Transitional instruments covered by content rules
 
The TA Act provides for the continuation of content rules of prescribed transitional instruments that previously operated under the Workplace Relations Act. The instrument content rules not only cover pre-reform federal awards, but also the following transitional instruments:
Award-based transitional instruments: State reference transitional awards and common rules, notional agreements preserving state awards (NAPSAs).
 
Agreement-based transitional instruments: Collective agreements, workplace determinations, preserved collective State agreements, pre-reform certified agreements, old IR agreements, s170MX awards, Individual Transitional Employment Agreements (ITEAs), preserved individual state agreements, Australian Workplace Agreements (AWAs), pre-reform AWAs.
Transitional instrument content rules
 
As noted, pre-reform federal awards are now referred to under the Fair Work Act as an ‘award-based transitional instrument’. A number of terms prescribed by pre-reform federal awards were referred to as ‘non-allowable award matters’, meaning there is no legal compulsion for the employer to continue to provide these conditions for those employees covered under a pre-reform federal award.
 
Situation from 1 July to 31 December 2009
 
Under the TA Act, Sch 3 — Part 4 provides that transitional instruments continue to be subject to the same instrument content rules that applied under the Workplace Relations Act. ‘Instrument content rules’ are:
  • provisions about what may, must or must not be included in an instrument (including non-allowable award matters)
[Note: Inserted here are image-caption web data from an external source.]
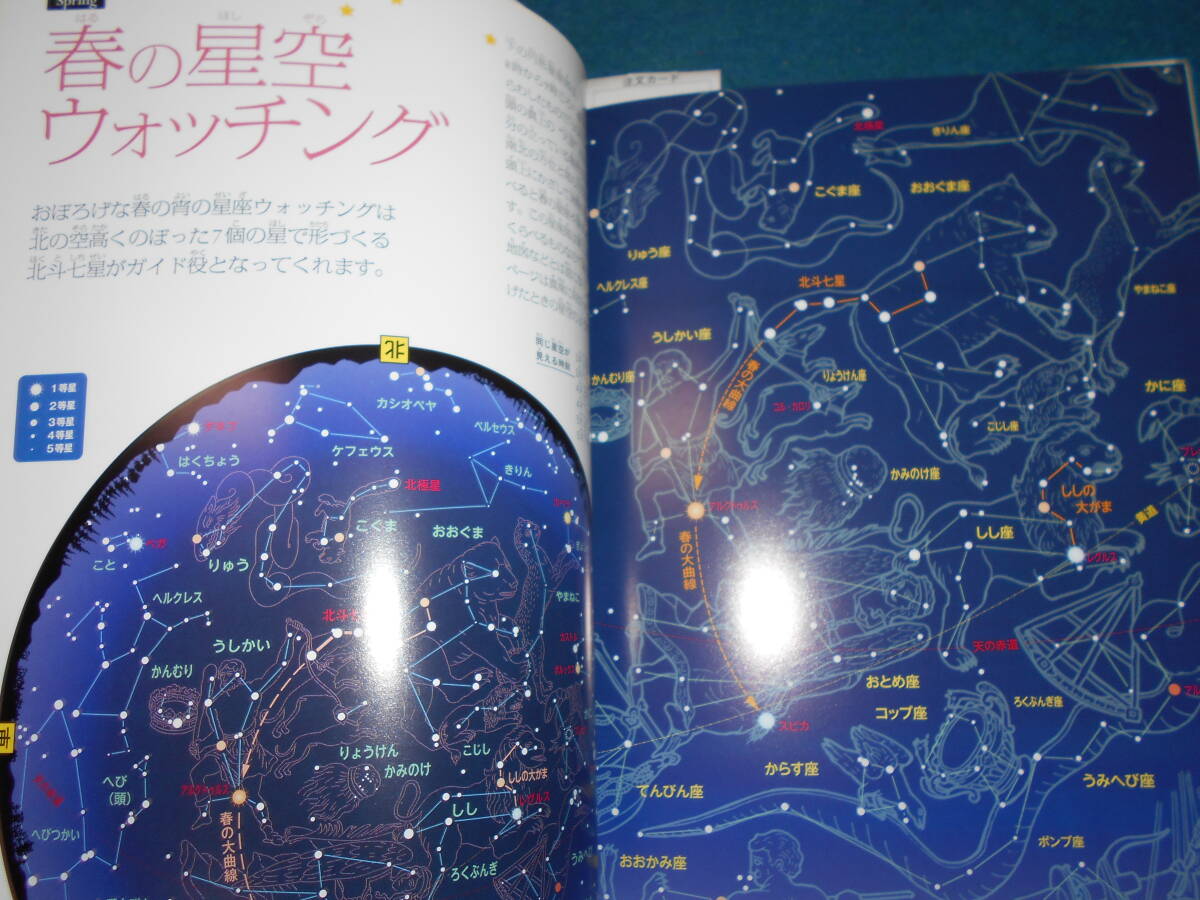 即決2007（平成19）年『星空の地図』天体観測、天文暦学書、星空ガイド、星図、星座早見盤未開封　Astronomy, Star map, Planisphere_画像4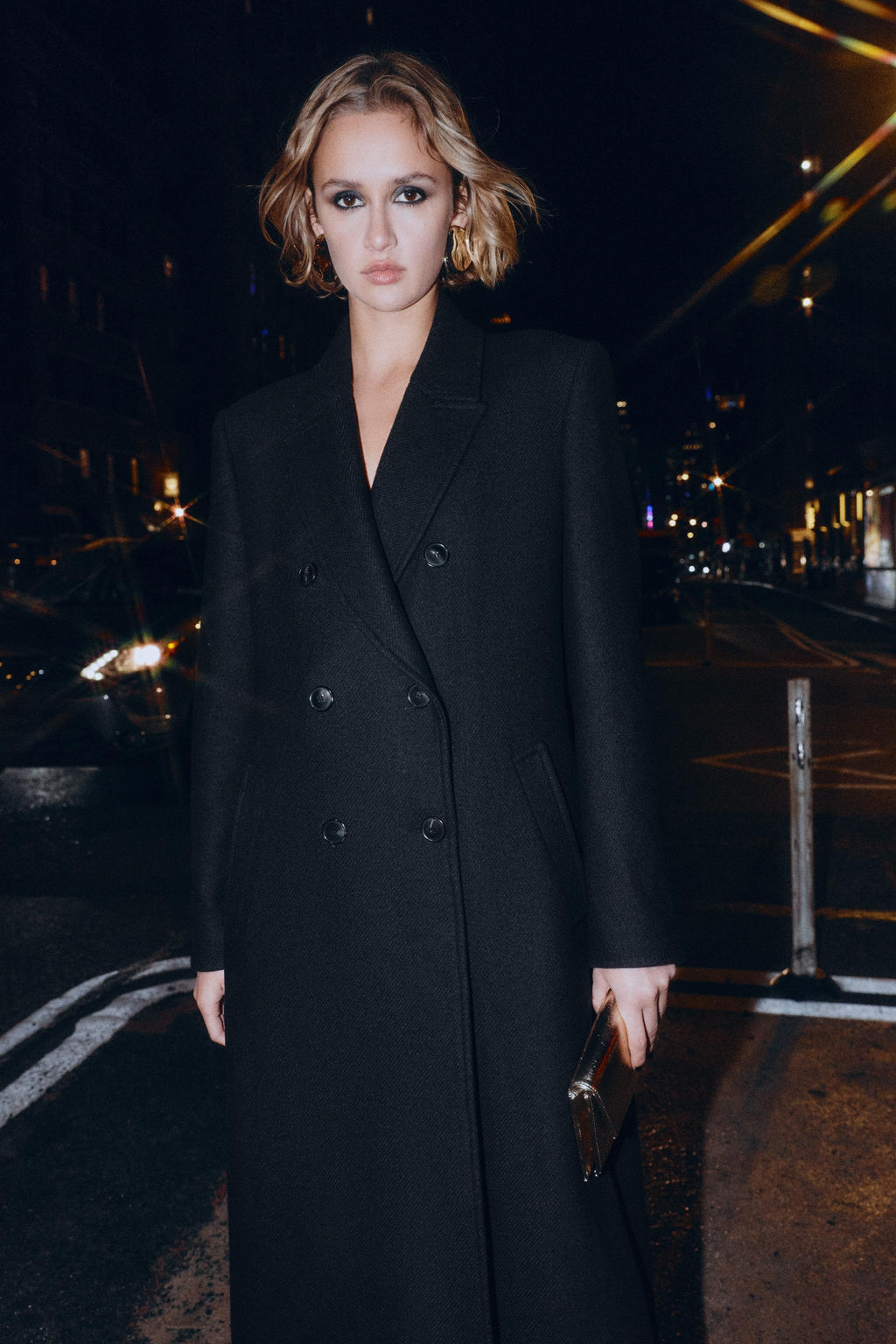 LONG DOUBLE-BREASTED COAT - Zara фото 2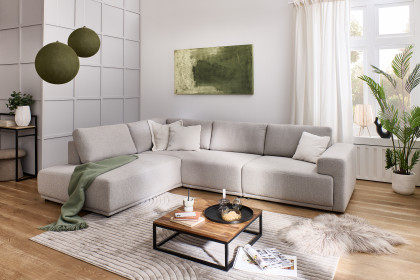 MP-IN26013 von Megapol - Ecksofa Variante links silver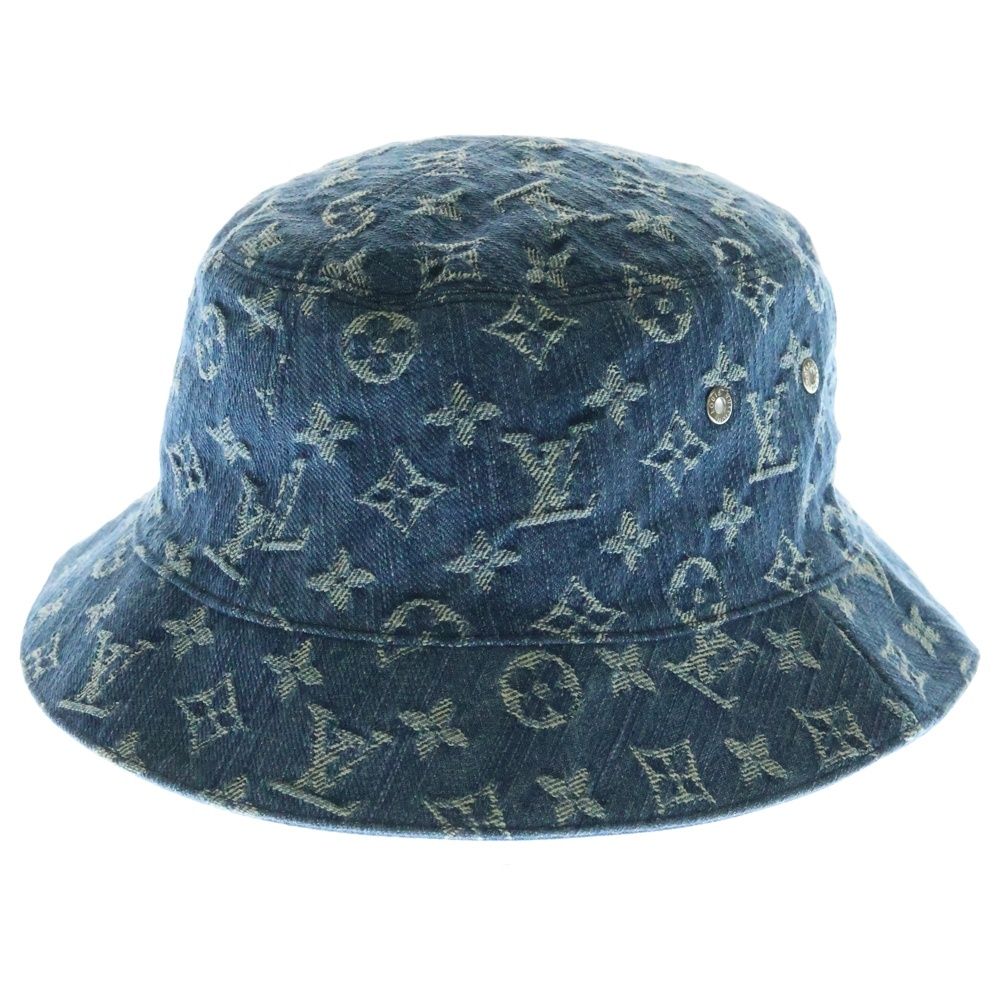 LOUIS VUITTON ルイヴィトン モノグラム エッセンシャルバケットハット M78774 インディゴ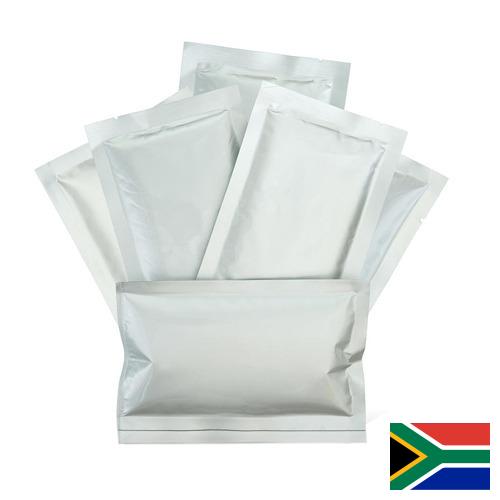 пластмассовая упаковка из Южной Африки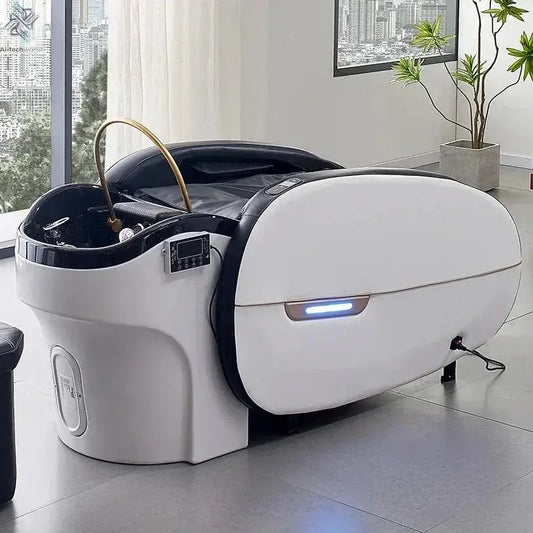 2026 latest  Modern intelligent comfortable electric multipurpose hair washing salon table massage shampoo bed Ai-TechWorld 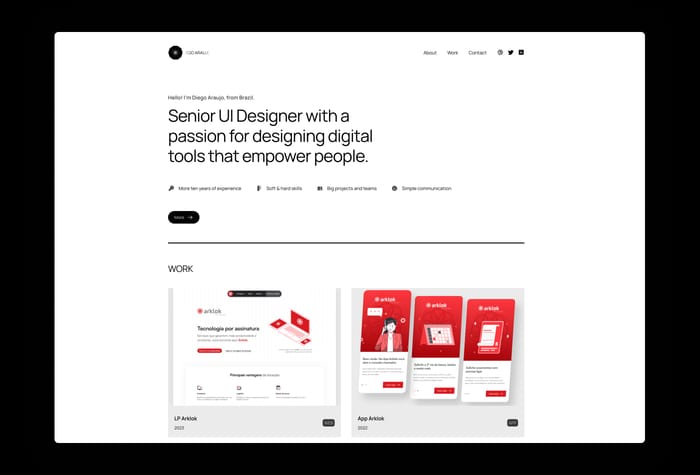 DAP Folio - Portfolio for UI/UX Designer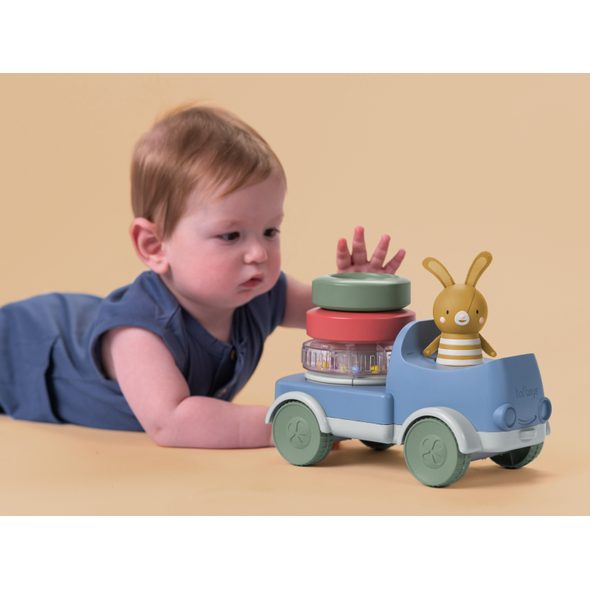 TAF TOYS NÁKLAĎÁK S PYRAMIDOU BUNNY - AUTÍČKA A VLÁČKY - PRO DĚTI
  • provisions to the effect that a particular term of an instrument is of no effect (however described)
  • provisions to the effect that a particular term is taken to be included in an instrument.
 
The first bullet point above is describing both non-allowable award matters and allowable award matters. This means that non-allowable award matters that were specified under the Workplace Relations Act will continue to be unenforceable in pre-reform federal awards until 1 January 2010, when these provisions will be replaced by modern awards and the NES.
 
Modern awards
 
Modern awards will become operative from 1 January 2010. Although the concept of non-allowable award matters will no longer exist from 1 January 2010, most of the non-allowable matters provided under the Workplace Relations Act will not be prescribed in modern awards in any case.
 
Non-allowable matters becoming enforceable
 
Current non-allowable matters that will be enforceable under modern awards and that have already been determined by the Australian Industrial Relations Commission (AIRC) include ‘conversion from casual employment to another type of employment’, ‘maximum or minimum hours of work for regular part-time employees’, and ‘dispute resolution training leave’. These matters will become enforceable from 1 January 2010.
 
Prohibited in modern awards
 
Sections 150–155 of the Fair Work Act prescribe those terms that must NOT be included in modern awards. These terms are:
  • ‘objectionable terms’, ie a term that deals with general protections (these cover ‘workplace rights’, ‘industrial activities’ and ‘sham arrangements’)
  • the payment of a bargaining fee
  • a term covered by s326(1) of the Fair Work Act (which deals with unreasonable payments and deductions for the benefit of an employer)
  • a term covered by s326(3) (which deals with unreasonable requirements to spend an amount)
  • terms that require or authorise an official of an organisation to enter premises to hold discussions with, or interview, an employee; or to inspect any work, process or object
  • terms that discriminate against an employee on the basis of race, religion, colour, sex, sexual preference, age, physical or mental disability, marital status, family or carer’s responsibilities, pregnancy, political opinion, national extraction or social origin, unless of the inherent requirements of the job or an institution conducted in accordance with the doctrines, tenets, beliefs or teachings of a particular religion or creed
  • terms and conditions of employment that are state-based, unless included in the modern award process (but only for up to five years)
  • terms dealing with long service leave.